We collect first and foremost language data from persons between 18 - 30 years of age. Nevertheless, there can be chat participants outside this age group; that is not a problem. They must be at least 15 years of age to be able to give their informed consent without their parents approval.
The donated chat can include multimodal elements, e.g. pictures, videos, or voice recordings. They will be anonymised in a similar manner as the text of the chat.
Can I be identified by the chat I donated?
Users of the finalised corpus will not be able to identify the donors of the material in the corpus. The content will be pseudonymised (personal names have been replaced by code names) and anonymised (identifiable content deleted). Once the individual chats have been processed and anonymised, they will be aggregated into the corpus. Donors should feel confident that their data cannot be linked back to them.
The research team will collect consent and essential background information from each of the people participating in donated chats. The background data will enable the corpus to be filterable, allowing users to search for messages by, for example, age group, geographical area or the speaker's native language. Participants remain anonymous in the corpus even when carefully selected metadata is published with the corpus.
Vad sker om jag ångrar mitt deltagande?
Det är möjligt att återkalla ditt samtycke att delta i projektet. Ifall du ångrar ditt deltagande kan du kontakt oss och be att vi raderar materialet du skänkt eller de instanser där du är författaren bakom meddelanden. I samband med detta raderas även de enkäter och kontaktuppgifter vi samlat av dig.

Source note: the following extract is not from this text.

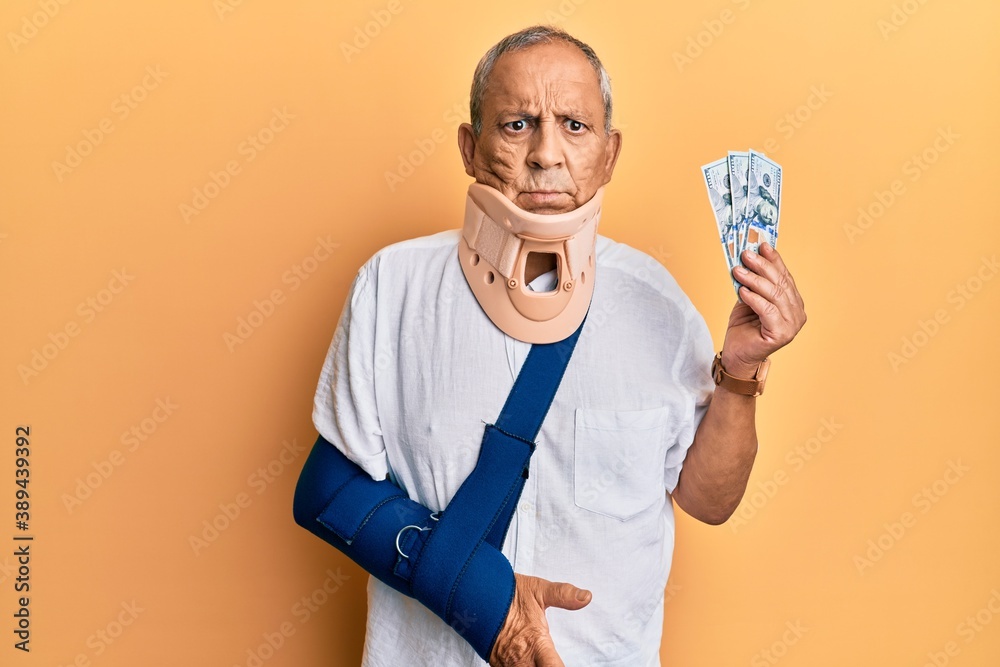 Handsome mature injured man wearing cervical collar and sling holding insurance money clueless and confused expression. doubt concept.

Ifall du vill återkalla ditt samtycke ber vi dig kontakta oss via e-post.
Om presentkort
Presentkort på 20 euro utdelas åt chattdeltagare som tack för besväret. Efter att vi mottagit chattdonationen skickas presentkort ut manuellt till den e-postadress som angetts i samtyckesblanketten med några dagars dröjsmål. Enbart chattdeltagare som väljer att medverka och därmed ger samtycke får presentkort. Antalet presentkort är begränsat till ett per person även om man väljer att donera flera chattar.
Presentkort finns till följande affärer: Gigantti, Google Play, Ruohonjuuri, Suomalainen kirjakauppa, Verkkokauppa, XXL, och Zalando.